Uma pesquisa de mapeamento da Internet, realizada para a Associação Comercial de São Paulo (ACSP) e concluída em janeiro de 2010, aponta que 83% das empresas não têm cadastro em redes sociais, e as que o possuem, optam principalmente por Orkut, Twitter ou Facebook. A pesquisa teve como foco micro e pequenas empresas.
Segundo a superintendente de marketing da ACSP e especialista em marketing digital, Sandra Turchi, as instituições financeiras são as empresas que mais participam das redes sociais, contando com a adesão de 26% das companhias. “Em contrapartida, o comércio varejista é o que faz menos uso da plataforma, contando com 12% das empresas”, argumenta.
Em relação ao porte das empresas que apresentam cadastro em redes sociais, quase 1/4 das pequenas empresas o possuem. “Embora ainda seja um número incipiente, seu potencial é imenso. Cada vez mais, o pequeno e médio empreendedor percebe a importância da web 2.0 para seu negócio e o retorno que pode apresentar no seu dia a dia”, aponta Sandra.
Segundo a pesquisa, das 376 micro empresas entrevistadas, apenas 14 possuíam cadastro em rede social. Já das 95 pequenas empresas questionadas, 24 participam de alguma comunidade virtual.
Orkut, Twitter e Facebook são, respectivamente, as plataformas preferidas entre as empresas, tanto no setor de serviços como as PMEs. Para a especialista, “o Orkut já é velho conhecido dos brasileiros e o Twitter vem crescendo, exponencialmente, devido à sua praticidade e rapidez”. Sandra, também destaca o potencial do Facebook, a rede mais utilizada no mundo, pelo fato de sua plataforma unir ferramentas comuns ao Orkut e ao Twitter, cuja tendência é que seu uso cresça ainda mais.
De acordo com ACSP, o relacionamento com o cliente é visto como prioridade na utilização das plataformas 2.0 pelas empresas, seguido do acesso a novos clientes e da busca de informações de mercado. Sandra explica que, na realidade empresarial dos dias atuais, "abrir canais de comunicação com os clientes e o público é fundamental para a sobrevivência das companhias, pois se elas não fizerem isso, o cliente vai procurar outros canais para expor suas insatisfações".

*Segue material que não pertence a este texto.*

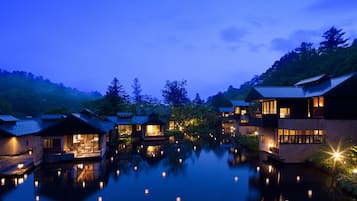 住宿正面 (夜晚)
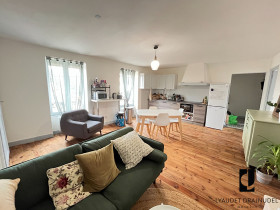 Appartement à Renaison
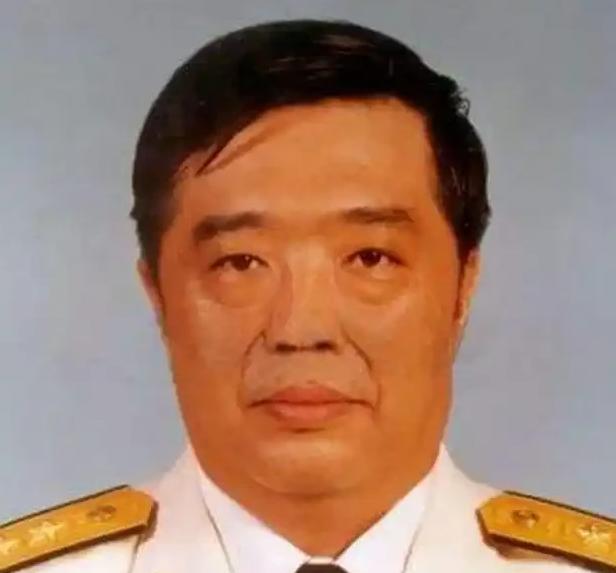 1998年，香港，贺龙之子贺鹏飞，看四下没人，闪身冲进一间商人办公室，凑到那人耳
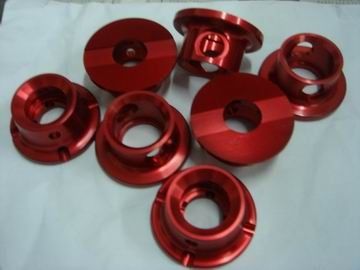 Aluminium AL7075 CNC-Präzisionsbearbeitungszerteilt/CNC maschinell bearbeitete Teile mit Rot anodisieren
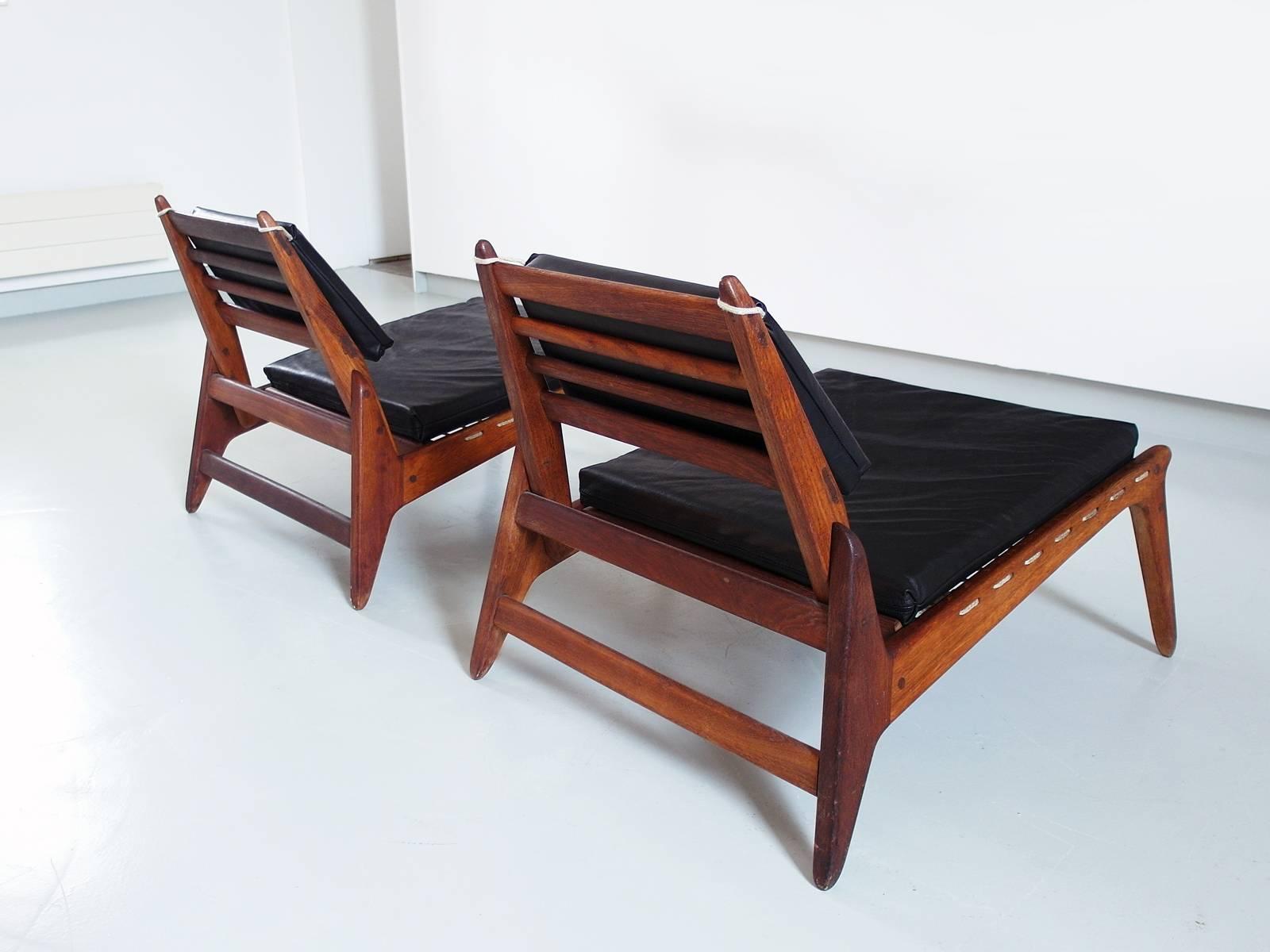 Sculptural Pair of Black Leather Hunting Chairs in Oak, Germany, 1950s 4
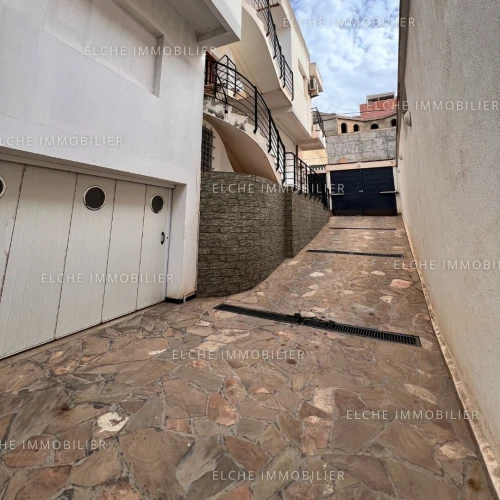 Location Appartement Niveau de villa F5 Oran Oran
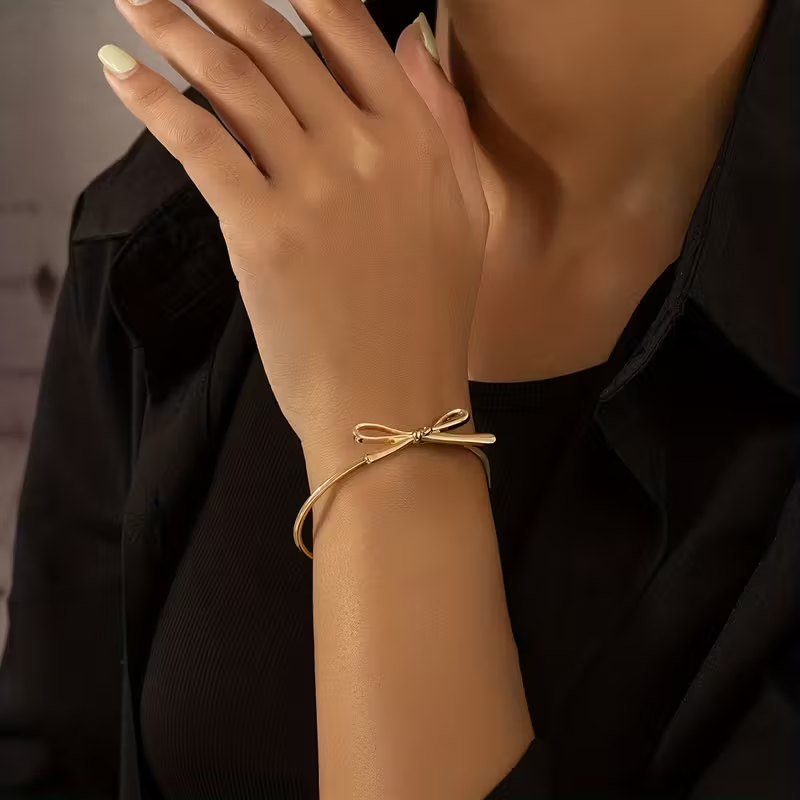 Hershey - Vintage Gold Bow Open Bracelet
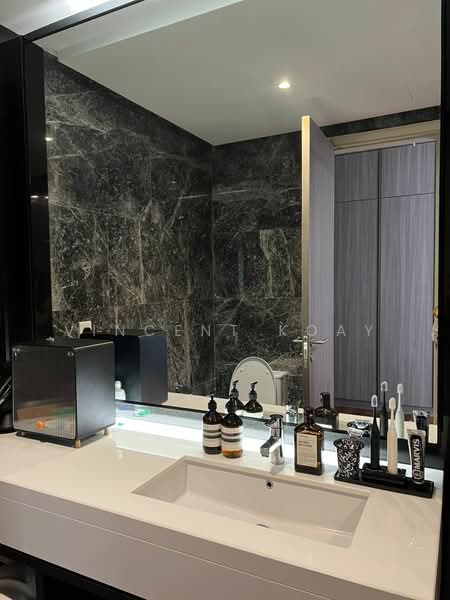 Servis Apartment untuk Dijual di Straits Residences - Vincent Koay - Bathroom - PropertyGuru.com.my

Para a especialista, o bom relacionamento com os públicos reflete diretamente na imagem da empresa, ajudando a estreitar os gaps entre discurso e imagem, ou seja, entre o que se diz e o que é percebido. “Além disso, com as possibilidades de segmentação que as redes sociais proporcionam, elas se tornam canais altamente propícios para efetuar pesquisas de mercado, de público-alvo, lançamento de novos produtos e afins”. A pesquisa mostra que das 87 entrevistadas, 64 das empresas usam a rede social para ter relacionamento com os clientes, 31 para conseguir novos clientes 18 para estudar o mercado atual.
O levantamento mostra que apesar de poucas empresas terem seus cadastros nas redes sociais, mais da metade das pesquisadas, 51% já procura monitorar o que é dito sobre elas na web. Daquelas que fazem esse monitoramento, em 61% dos casos, isso é feito internamente por um profissional de marketing, de outra equipe ou pelo proprietário. Isto é feito diariamente (27% dos casos) ou semanalmente (41%).
“No entanto, 68% admitem não responder aos comentários feitos sobre elas nas redes sociais", detalha Sandra. “Isso não é de todo ruim, pois, nas redes sociais é importante ter muito cuidado e saber como atuar. Não é indicado ter uma atitude invasiva. O ideal é monitorar e responder a alguma solicitação ou queixa diretamente ao cliente, fora da rede, pois muitas vezes ele mesmo retorna àquela rede para fazer elogios sobre a atuação da corporação”, finaliza Sandra.
A pesquisa foi realizada mediante 500 entrevistas com gestores de empresas de todos os segmentos em São Paulo. Dos pesquisados, 47% eram donos/proprietários das empresas, 45%, gerentes e oito por cento, diretores e superintendentes, sendo e micro, pequenas, médias e grande empresas.